(Supplied information)
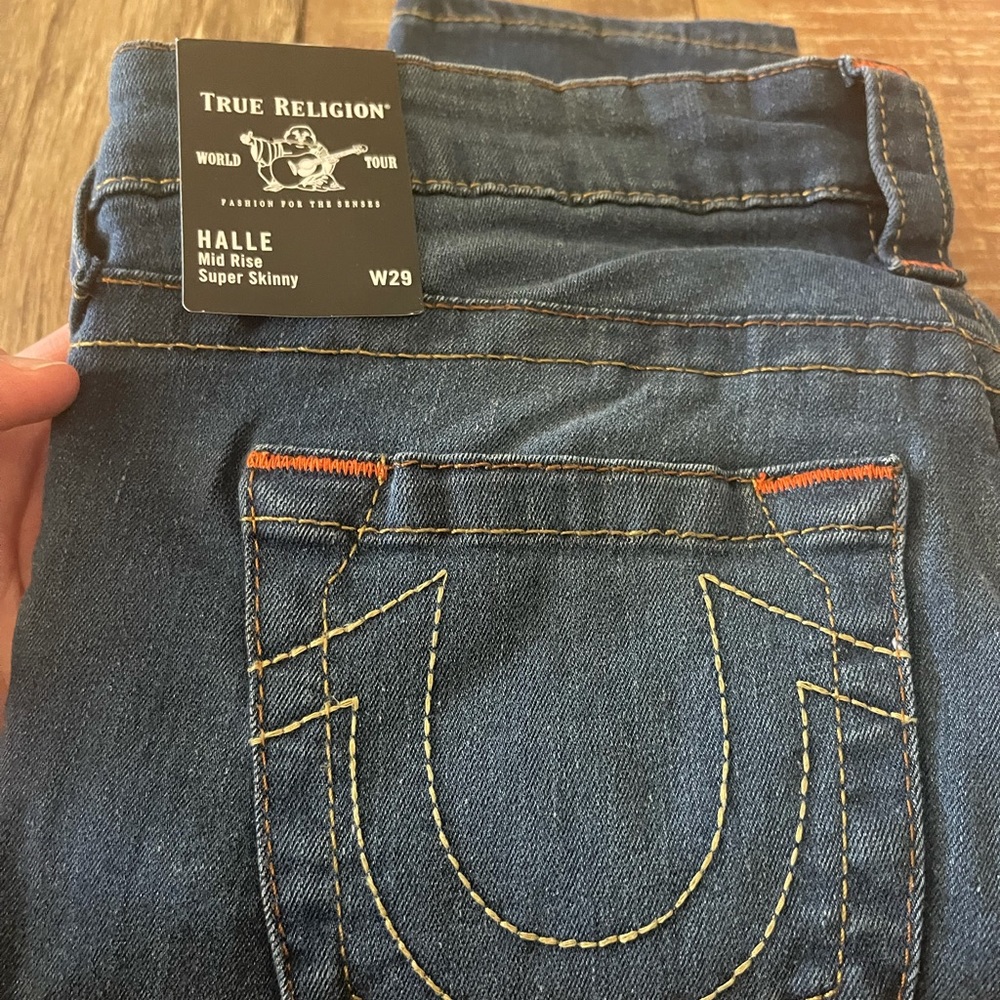 TR Halle jeans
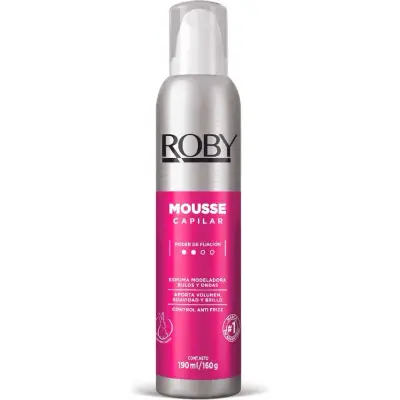 Mousse Capilar Roby 190 ml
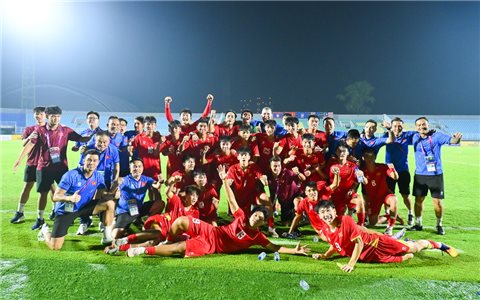 U17 Việt Nam lập kỳ tích với chuỗi 15 trận bất bại kỷ lục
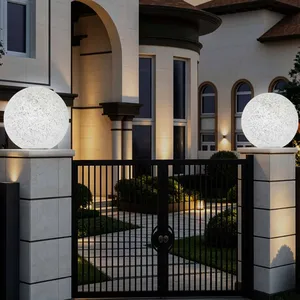 Led Ball Rechargeable Waterproof Outdoor Large Plastic Illuminated Led Light Ball LED Driver thumbnail-1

(Problem statement) Leaving the pictures out, copy exactly the lines from the line that contains "U17 Việt Nam" to the last line of the data, both ends included.

(Expected output)
 U17 Việt Nam lập kỳ tích với chuỗi 15 trận bất bại kỷ lục
 Led Ball Rechargeable Waterproof Outdoor Large Plastic Illuminated Led Light Ball LED Driver thumbnail-1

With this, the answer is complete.